▶ _Work required_
Your copy should start at the line with "Woman wearing Accelerate" and end at the line with "Copy space 124611488" in the data below. Transcribe only those lines, exactly, pictures excluded.

(Captioned web images)
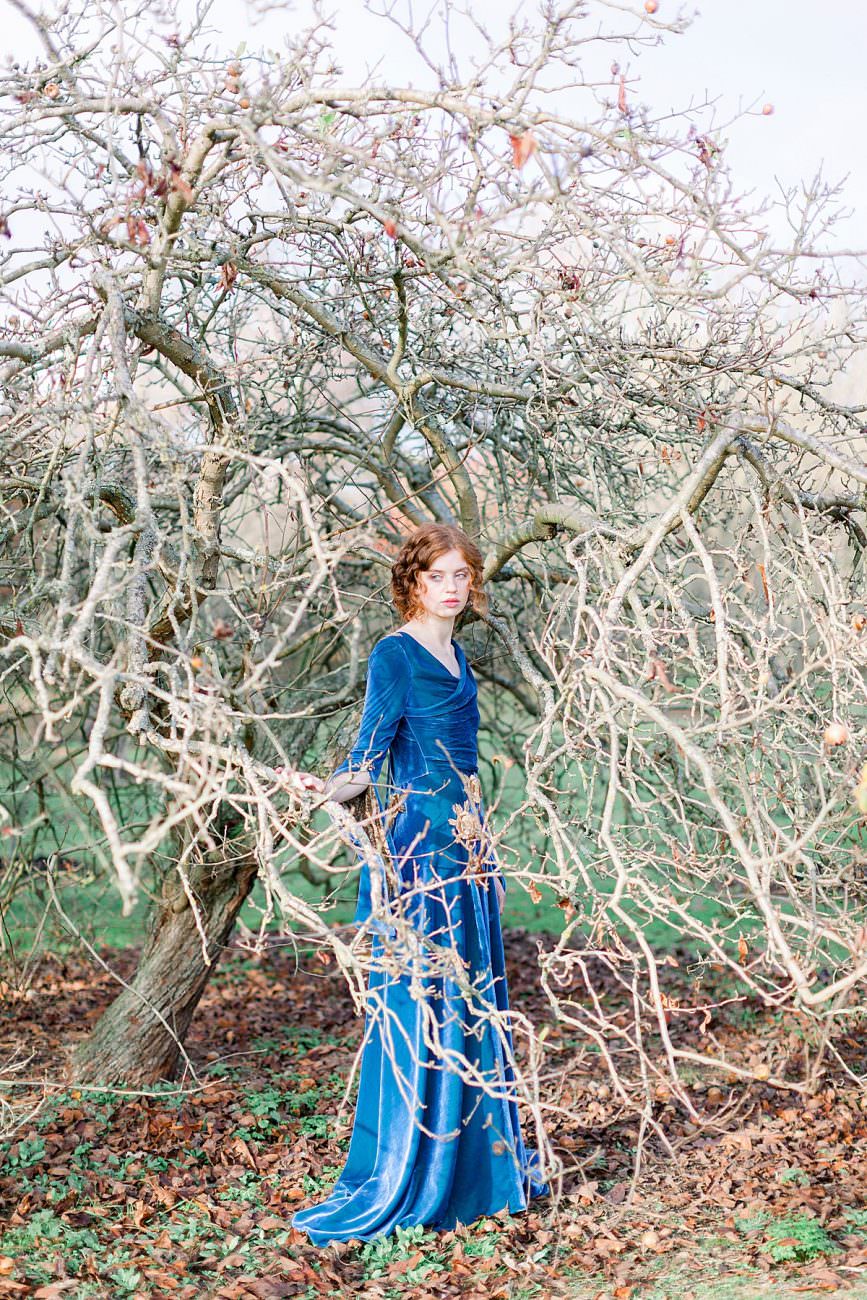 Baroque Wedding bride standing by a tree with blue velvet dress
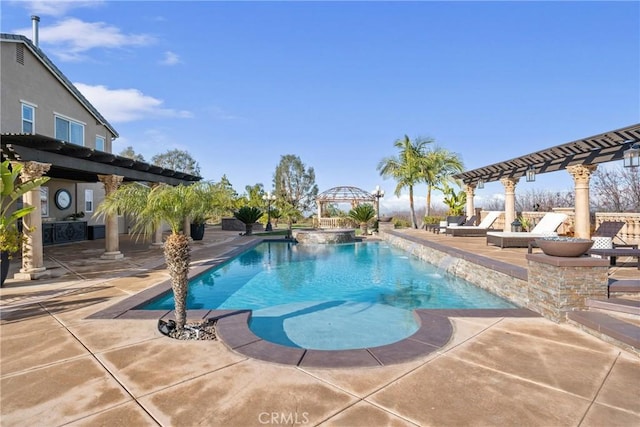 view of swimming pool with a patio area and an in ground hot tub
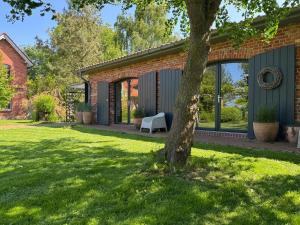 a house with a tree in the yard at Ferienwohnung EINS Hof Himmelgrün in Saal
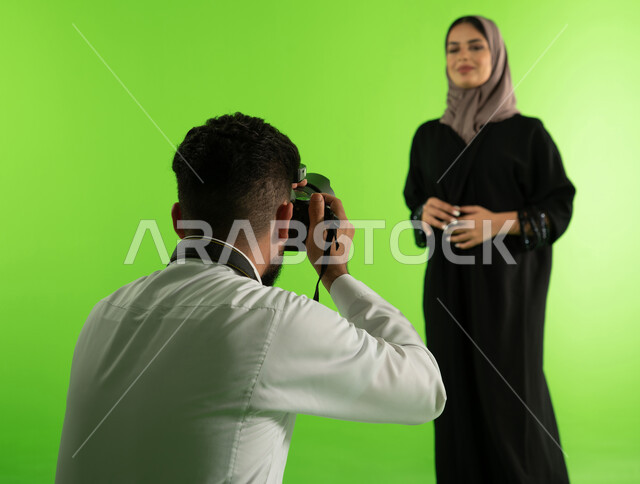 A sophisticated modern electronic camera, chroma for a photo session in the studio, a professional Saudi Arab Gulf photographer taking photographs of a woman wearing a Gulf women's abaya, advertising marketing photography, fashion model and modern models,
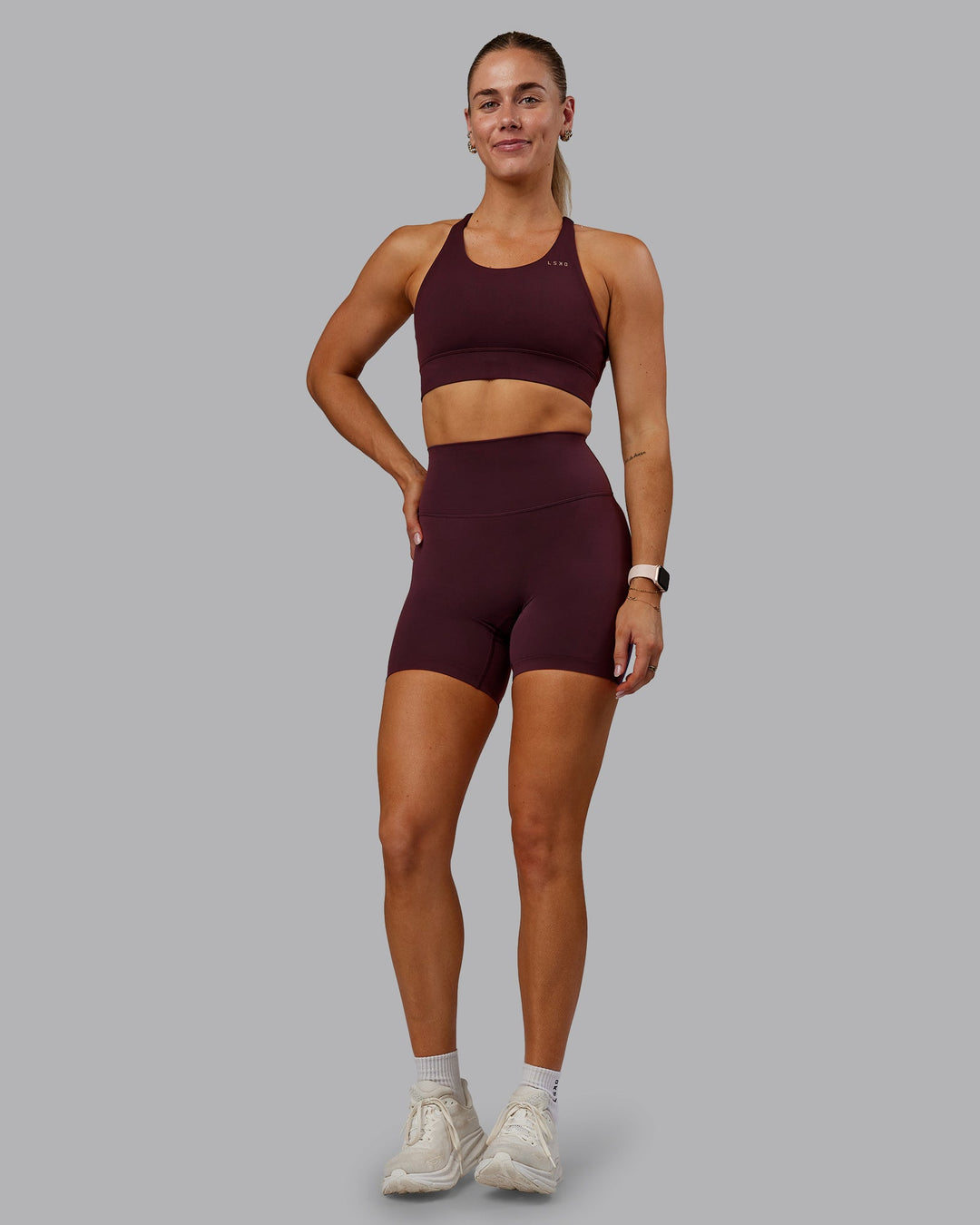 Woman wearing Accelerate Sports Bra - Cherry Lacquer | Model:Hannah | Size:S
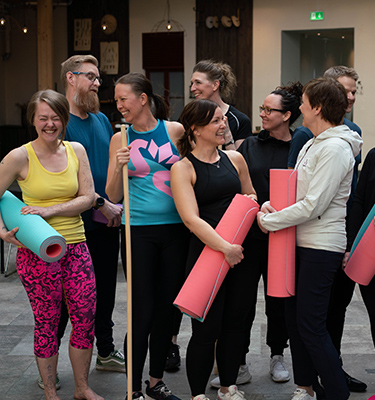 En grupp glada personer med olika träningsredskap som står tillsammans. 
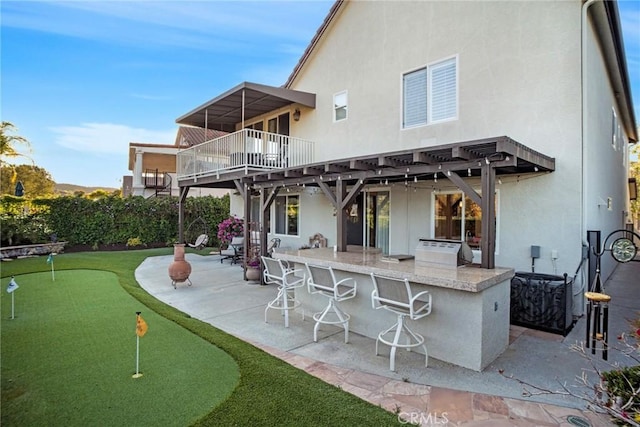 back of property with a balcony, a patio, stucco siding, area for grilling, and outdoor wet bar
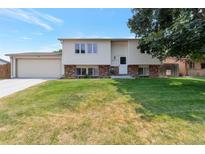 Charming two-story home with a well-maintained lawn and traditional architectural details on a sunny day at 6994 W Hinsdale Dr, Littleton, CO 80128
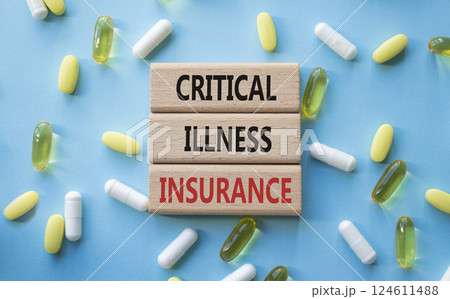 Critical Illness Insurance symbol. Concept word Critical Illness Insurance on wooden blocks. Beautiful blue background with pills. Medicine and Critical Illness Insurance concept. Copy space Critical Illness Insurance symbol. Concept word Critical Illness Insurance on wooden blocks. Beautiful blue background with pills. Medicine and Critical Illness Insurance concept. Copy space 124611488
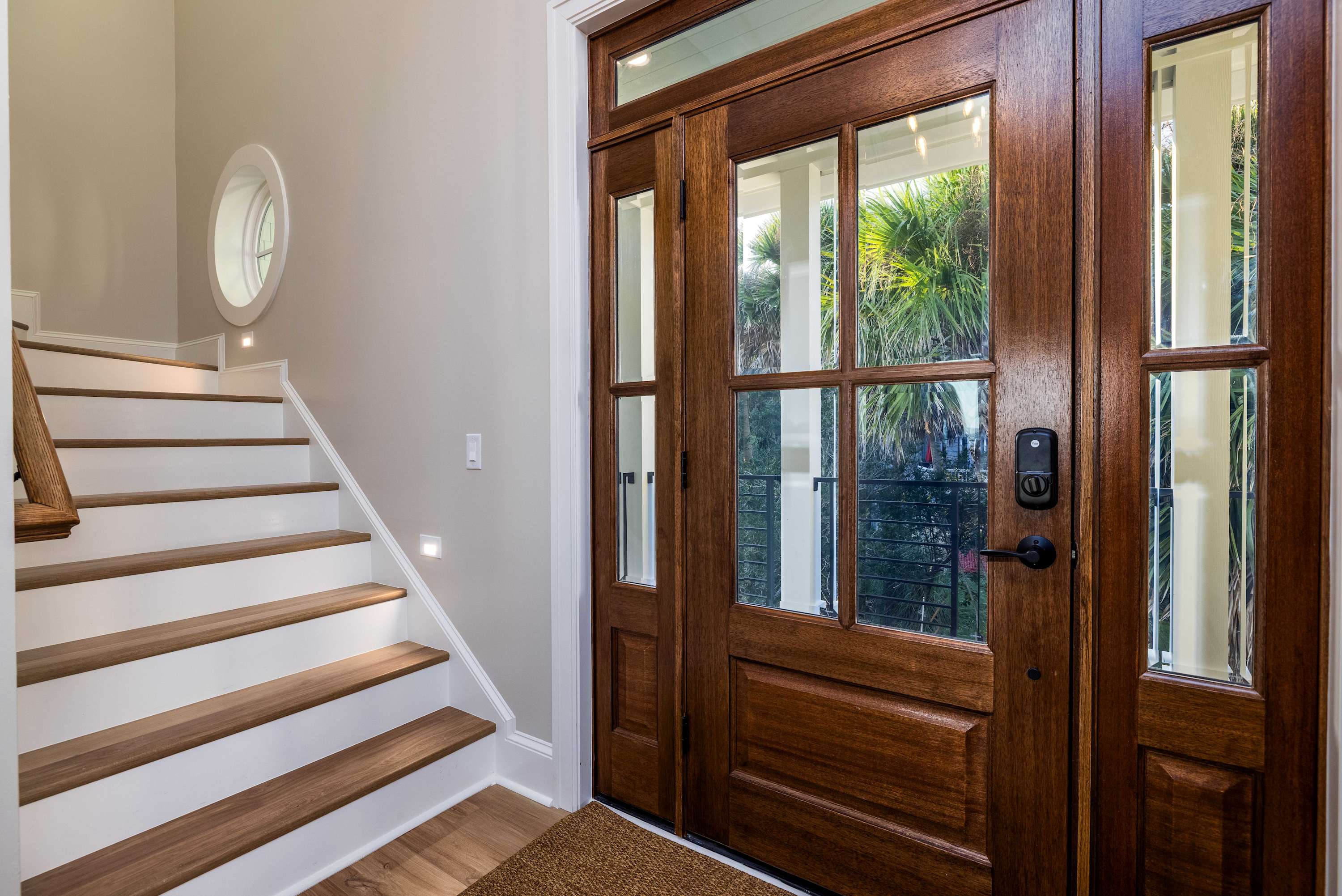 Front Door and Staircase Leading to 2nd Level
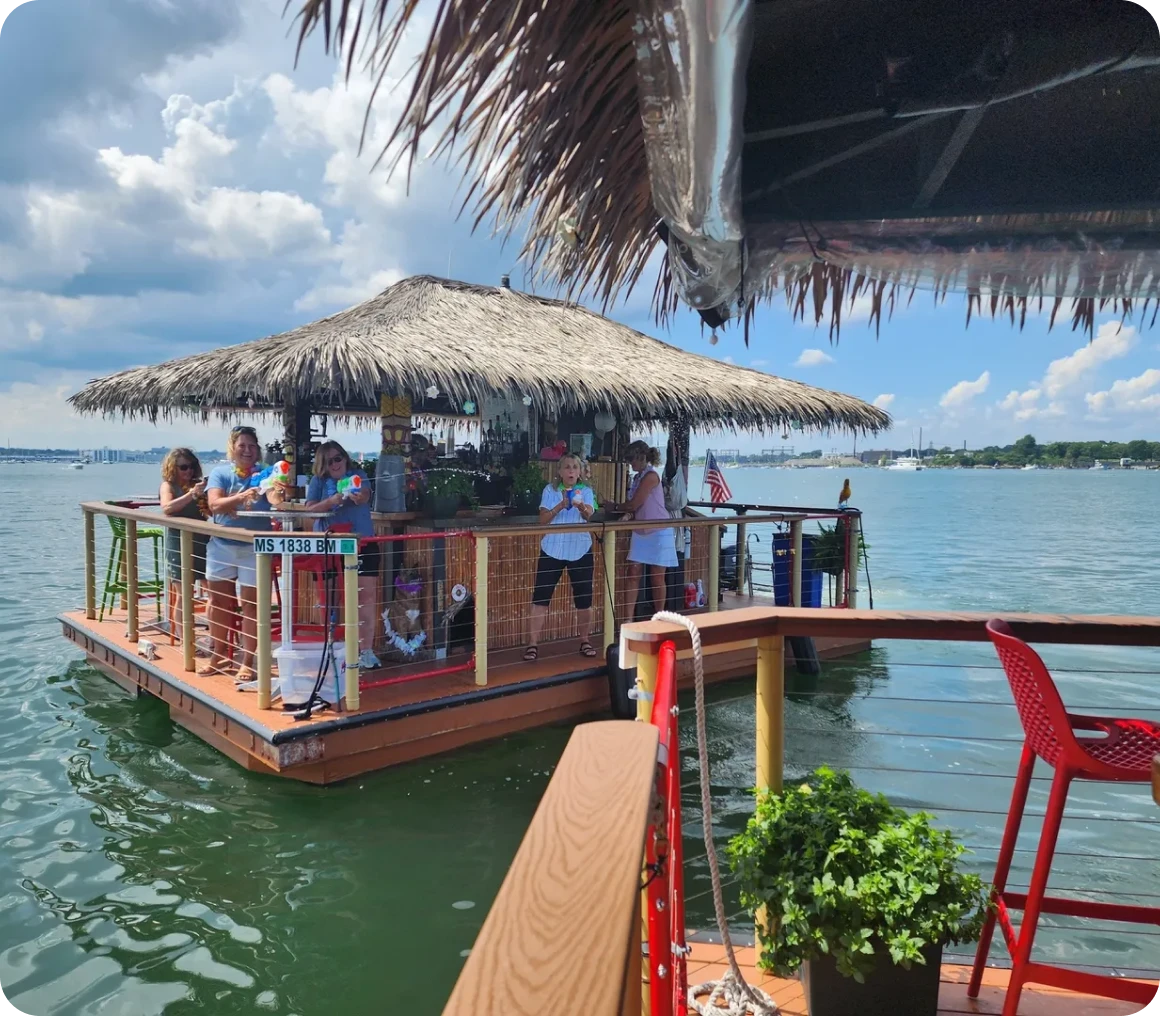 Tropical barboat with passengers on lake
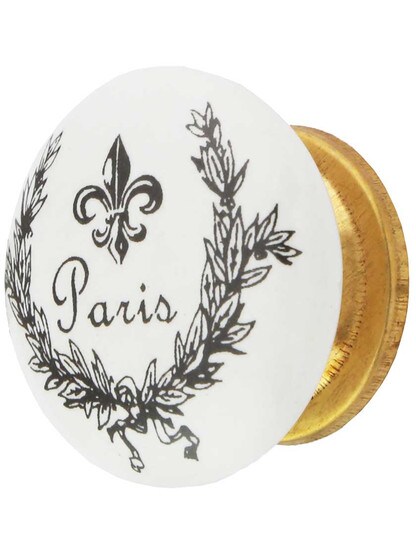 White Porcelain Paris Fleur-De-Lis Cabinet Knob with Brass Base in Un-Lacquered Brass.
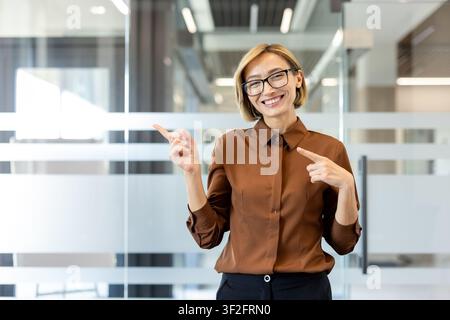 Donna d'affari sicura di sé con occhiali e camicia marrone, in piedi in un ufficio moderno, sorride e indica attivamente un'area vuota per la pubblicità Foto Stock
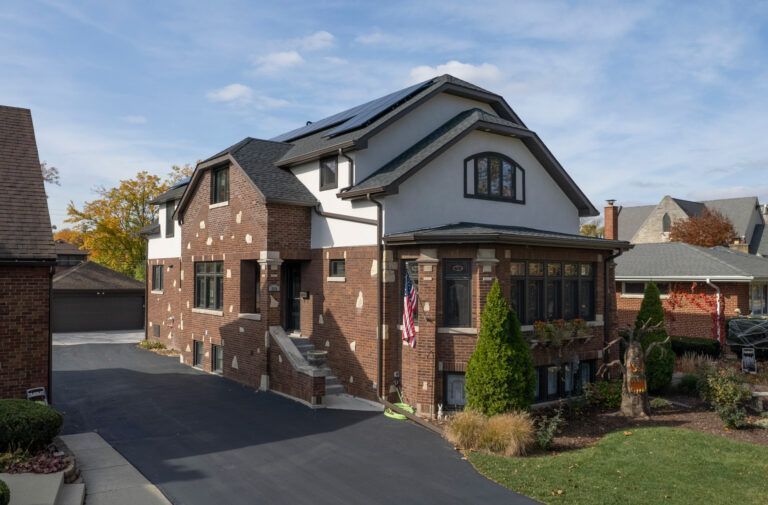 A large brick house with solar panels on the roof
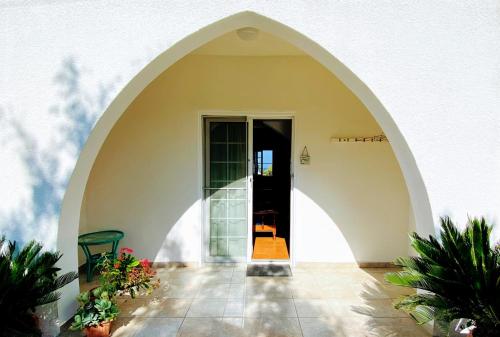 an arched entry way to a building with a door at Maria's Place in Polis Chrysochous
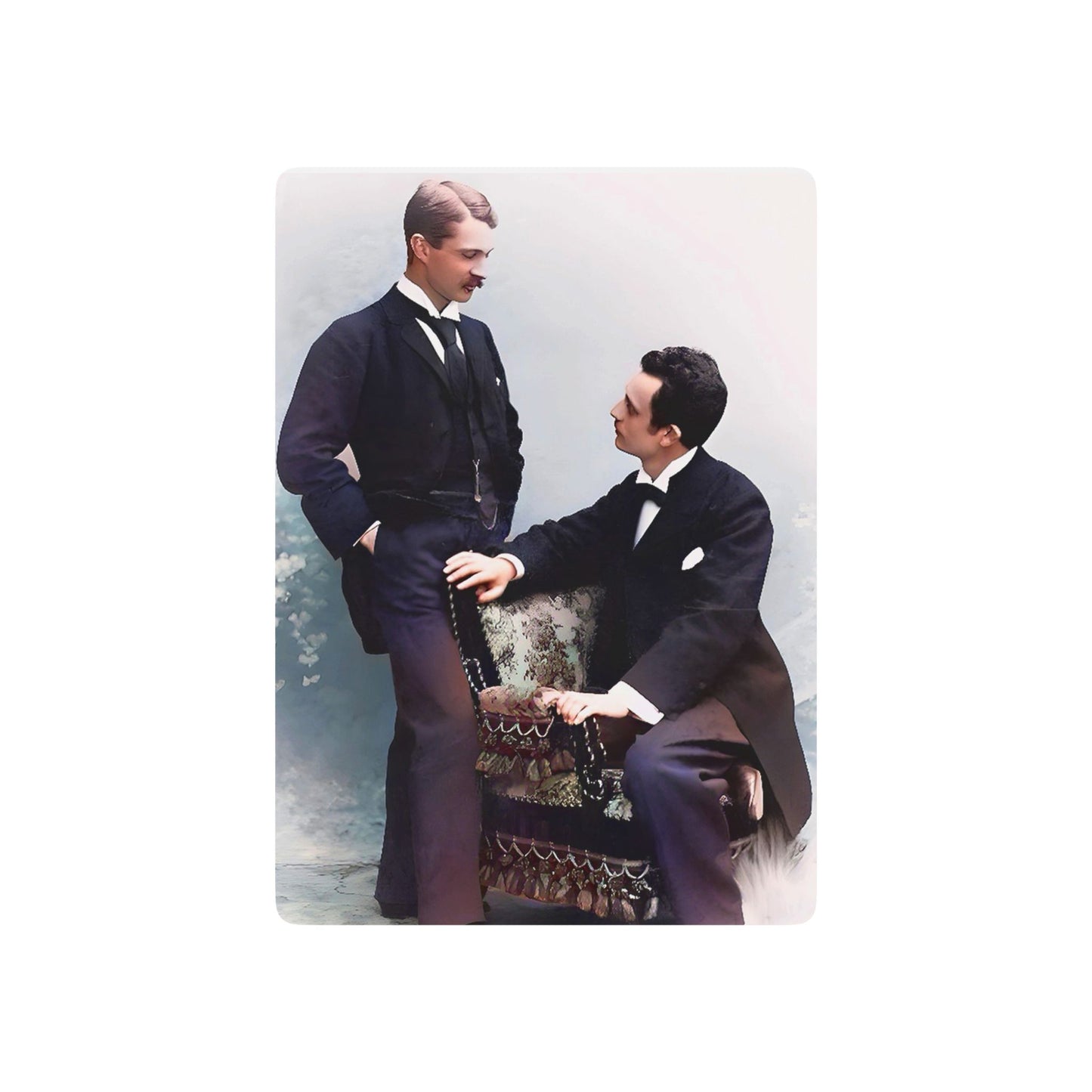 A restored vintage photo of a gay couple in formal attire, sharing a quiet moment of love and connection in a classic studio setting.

▶ _Response to this exercise_
 Woman wearing Accelerate Sports Bra - Cherry Lacquer | Model:Hannah | Size:S
 En grupp glada personer med olika träningsredskap som står tillsammans. 
 back of property with a balcony, a patio, stucco siding, area for grilling, and outdoor wet bar
 Charming two-story home with a well-maintained lawn and traditional architectural details on a sunny day at 6994 W Hinsdale Dr, Littleton, CO 80128
 Critical Illness Insurance symbol. Concept word Critical Illness Insurance on wooden blocks. Beautiful blue background with pills. Medicine and Critical Illness Insurance concept. Copy space Critical Illness Insurance symbol. Concept word Critical Illness Insurance on wooden blocks. Beautiful blue background with pills. Medicine and Critical Illness Insurance concept. Copy space 124611488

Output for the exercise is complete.